* _What is needed_
What you need to produce from the material below is an exact transcription of the lines from the one with "Henry and Mudge and Annie's Good Move" through the one with "Used 2023 Ford", both included, and no other line.

◇ ◇ ◇ ◇

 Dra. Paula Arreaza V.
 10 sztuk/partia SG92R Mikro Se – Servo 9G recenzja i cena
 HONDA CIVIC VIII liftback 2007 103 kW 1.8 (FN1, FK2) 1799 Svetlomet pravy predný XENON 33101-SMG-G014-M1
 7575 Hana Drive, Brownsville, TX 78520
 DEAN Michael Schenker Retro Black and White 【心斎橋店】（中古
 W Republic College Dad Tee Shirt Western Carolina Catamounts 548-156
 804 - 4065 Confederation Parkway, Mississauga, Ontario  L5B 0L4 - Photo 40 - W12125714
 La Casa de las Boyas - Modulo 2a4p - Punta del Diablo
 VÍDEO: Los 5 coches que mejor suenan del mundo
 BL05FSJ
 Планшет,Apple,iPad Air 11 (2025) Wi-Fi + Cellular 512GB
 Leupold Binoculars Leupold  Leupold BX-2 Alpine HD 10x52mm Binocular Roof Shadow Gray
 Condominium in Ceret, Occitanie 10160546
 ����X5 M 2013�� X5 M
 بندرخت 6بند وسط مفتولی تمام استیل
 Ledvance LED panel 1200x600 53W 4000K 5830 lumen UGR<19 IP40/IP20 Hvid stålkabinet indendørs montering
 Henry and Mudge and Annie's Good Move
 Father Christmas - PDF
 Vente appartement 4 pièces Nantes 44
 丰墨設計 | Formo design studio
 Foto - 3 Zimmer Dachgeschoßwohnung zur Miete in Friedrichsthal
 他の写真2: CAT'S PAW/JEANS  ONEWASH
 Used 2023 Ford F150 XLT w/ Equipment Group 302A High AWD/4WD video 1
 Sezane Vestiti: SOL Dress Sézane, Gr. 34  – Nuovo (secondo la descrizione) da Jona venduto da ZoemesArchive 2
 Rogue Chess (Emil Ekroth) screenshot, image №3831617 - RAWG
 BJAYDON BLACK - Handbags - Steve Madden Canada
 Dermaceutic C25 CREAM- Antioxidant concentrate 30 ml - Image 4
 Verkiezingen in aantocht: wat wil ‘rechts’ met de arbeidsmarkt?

◇ ◇ ◇ ◇

* _Solution for this task_
 Henry and Mudge and Annie's Good Move
 Father Christmas - PDF
 Vente appartement 4 pièces Nantes 44
 丰墨設計 | Formo design studio
 Foto - 3 Zimmer Dachgeschoßwohnung zur Miete in Friedrichsthal
 他の写真2: CAT'S PAW/JEANS  ONEWASH
 Used 2023 Ford F150 XLT w/ Equipment Group 302A High AWD/4WD video 1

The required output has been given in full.